Im 28. Zug verpaßt dann Daniel mit 28. Th7! eine gute Möglichkeit, etwas in Vorteil zu kommen: nach 28… Se7 29. Se6:+ Le6: 30. De6: Lg1+ 31. Kh3 Lc5 32. g3 verfügt Weiß über die etwas besseren Chancen dank seiner nunmehr relativ gesicherten Königsstellung. Weiter war statt 31. h5 vermutlich 31. Sf3 oder 31. Se6+ += vorzuziehen.
Den wohl korrekten Ausgang hätte die Partie kurz vor der Zeitkontrolle nach 38. Kf3 Sd4+ oder 38. Kg4 = nehmen können. Nach 38. Kh3 hätte dagegen Schwarz mit 38… Ta3+ 39. Sf3 Kb8 =+ an´s Ruder kommen können. Nach dem sofortigen 38… Kb8 bot sich dagegen für Daniel die grandiose Gelegenheit, die Partie mit 39. g4 Ta3+ 40. Kg2 Tg3+ 41. Kh1! Tg4: 42. Se6 zu seinen Gunsten zu entscheiden!!!

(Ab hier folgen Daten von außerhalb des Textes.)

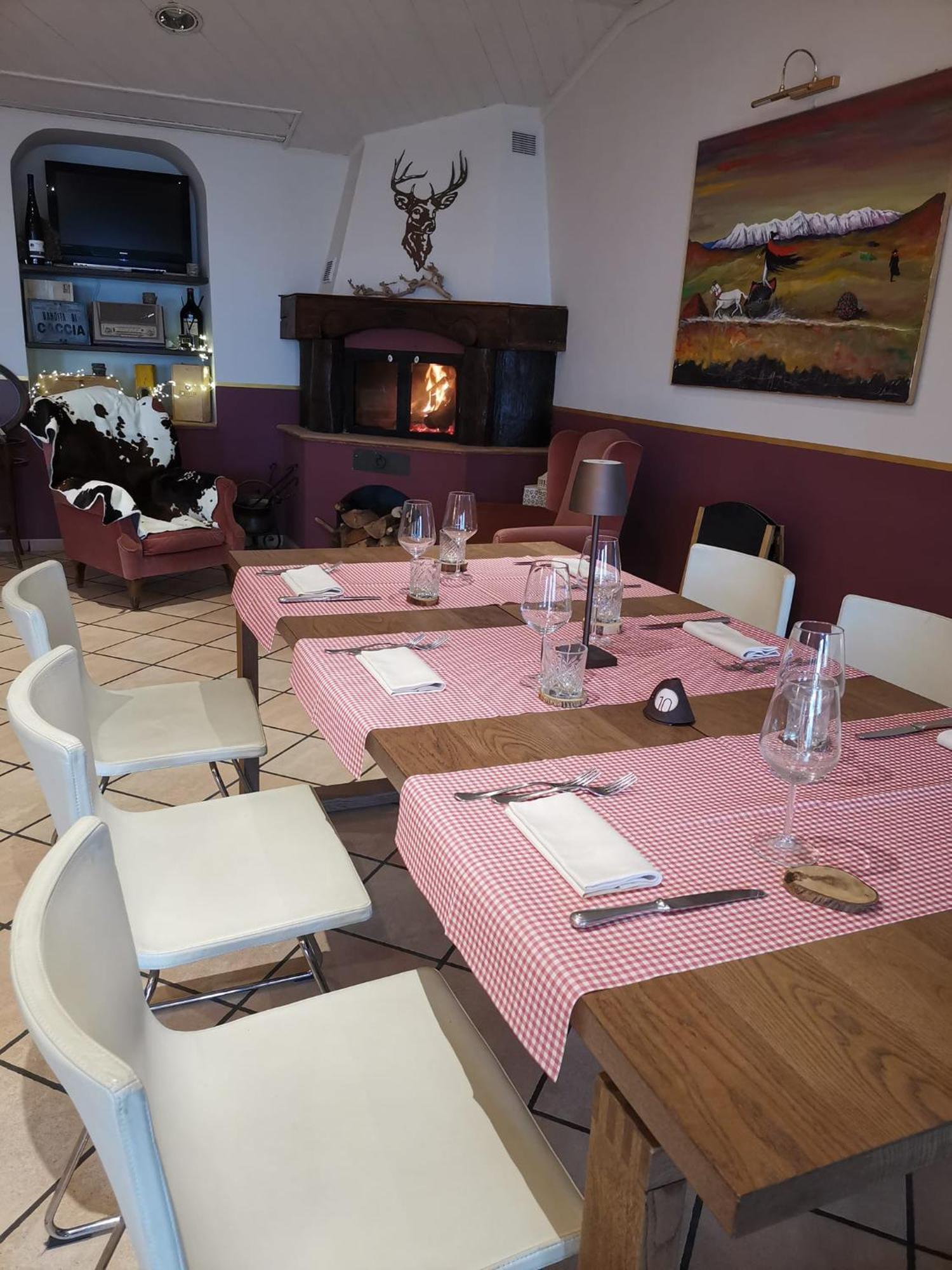 Hotel Pineta Ristorante Country House In Fabriano Campodonico エクステリア 写真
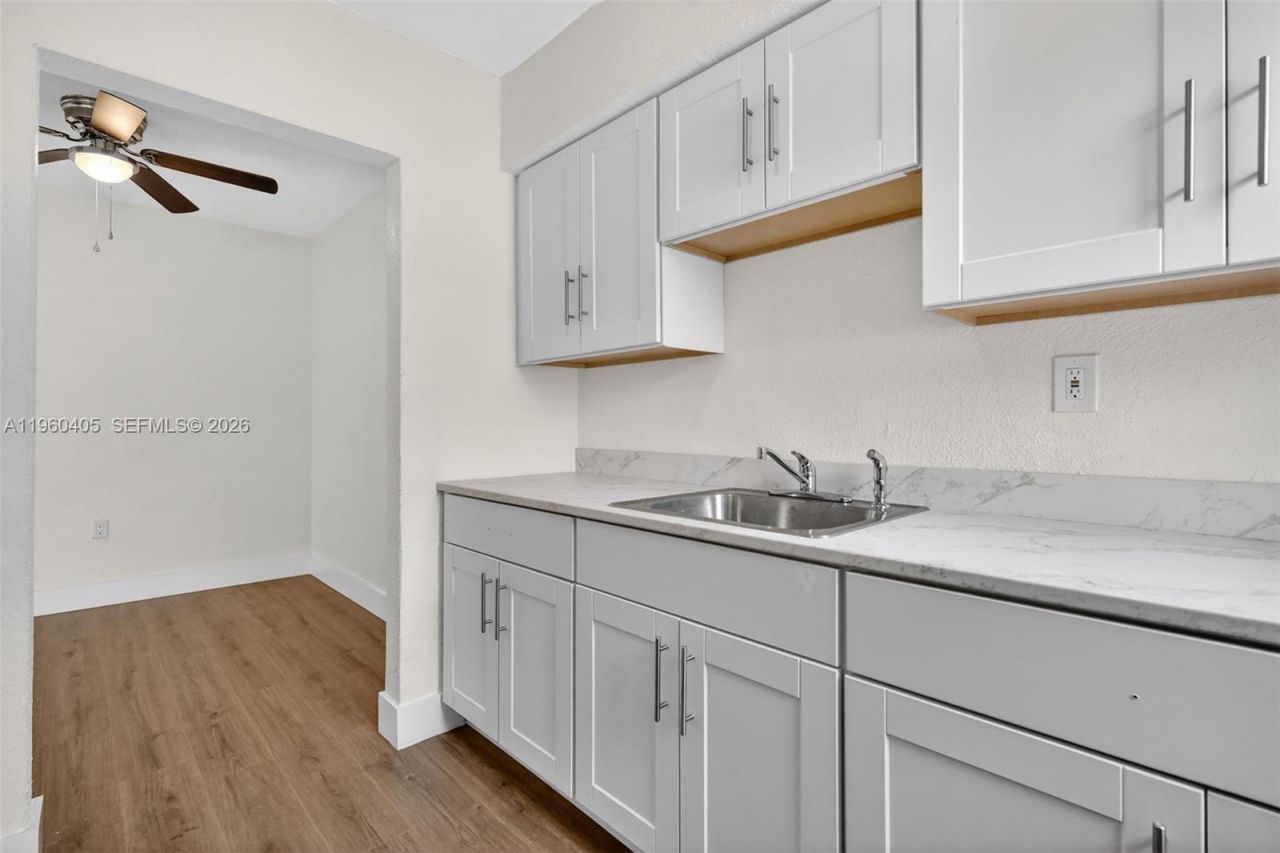 280 NW 34th St , Miami, FL 33127 Photo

Nach der Zeitkontrolle steht ihm dagegen ein mühsamer Kampf ums Remis bevor: Sollte Schwarz es schaffen, seine drei Leichtfiguren zu koordinieren, wird es für Weiß eng… Nach 45… Ta5 bot einzig 46. Dd8 noch Verteidigungschancen, allerdings ist auch hier Schwarz nach 46… Tb5 47. c4 Sf5+ 48. Kd5 Tb6 klar im Vorteil.Wenn auch Daniel die theoretische Einschätzung der Variante nicht erschüttern konnte, so gebührt ihm jedenfalls Respekt für seinen Mut und Kampfgeist!
Endstand 6:2 für den Gastgeber. Insgesamt müssen wir leider anerkennen, daß wir zuwenig gezeigt haben, um Baden-Oos ernsthaft in Bedrängnis zu bringen.
Glückwunsch zur Deutschen Meisterschaft noch einmal von dieser Stelle!